On expanding the Hearing Program and team:
  • Continued support from Langer + Board + Clinical advisory panel to proceed with FX-322 single dose trials
  • Continued support from external experts and consultants in the field
  • Two studies that show signal are enough to proceed - "No doubt they should expand clinical trial."
  • Continuing to expand Frequency team focusing on Drug Delivery + Audiology

ENT/audiologist/community awareness:
  • Many are following work closely
  • Shift to useage in the clinical setting is a focus of the firm
  • They are still working on creating inroads with Audiologist field
  • Voice of patient is becoming front-and-center

Other hearing related PCA approach efforts:
  • Other efforts in-discovery in the hearing program (TBD: 2H/2021)
  • Focusing on other pathways+Drug delivery

R&D Day is 2H/2021? Assuming this will be like Tesla Battery Day?

Capital to fund the firm:
  • Have 2 years of cash
  • Can still get cash payment milestones from Astellas
  • May leverage dilution to get additional funding if needed
 
I think you're confusing academic publication with biotech press releases on data readouts. If a biotech company commits to a readout date (e.g., end of Q2) it will almost always stick to that date unless it has a really good reason not to, otherwise it risks losing investor/shareholder confidence. I haven't seen any unusual trading activity like we did before the 90 day read-out, so I'm expecting a press release later tonight with confirmation that no signal was found after 210 days.
Enjoy:

https://investors.frequencytx.com/static-files/a26c03b8-d699-48a5-9bcd-ad980554065b
 
I'm not going to bore everyone with numbers, I'll just say this:

The fact that they didn't have a lead-in baseline is unthinkable -- and not just in hindsight. I wasn't sure exactly how they did things at screening, but I thought the issue was that they weren't strict enough comparing WR scores from >6 months ago to those at screen.

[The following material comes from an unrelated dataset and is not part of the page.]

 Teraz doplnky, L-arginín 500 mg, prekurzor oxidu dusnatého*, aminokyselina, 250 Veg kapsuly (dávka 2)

They seriously did the following: "Hey everyone, we're focused on clarity. We want to see people like the super responders from Phase 1/2. Show me your audiogram from >6 months ago. Oh, thanks. Now take this WR test for baseline. If your score is too high, you won't get in."

It's soul-crushingly incompetent, to the point where it never crossed my mind that they would do things this way.

Now, how much of the overall problem were outright liars (e.g. heard "cat" clear as day and said "not sure") as opposed to some people who unethically stretched the truth in the form of very, very low effort to the point of extreme dishonesty (e.g. heard "cat," but legitimately wasn't sure if it was "cat" or "cap" so said "not sure").

Either way, I pin this on the company. It's a clinical trial for a revolutionary drug and they failed on an extremely elementary trial design aspect.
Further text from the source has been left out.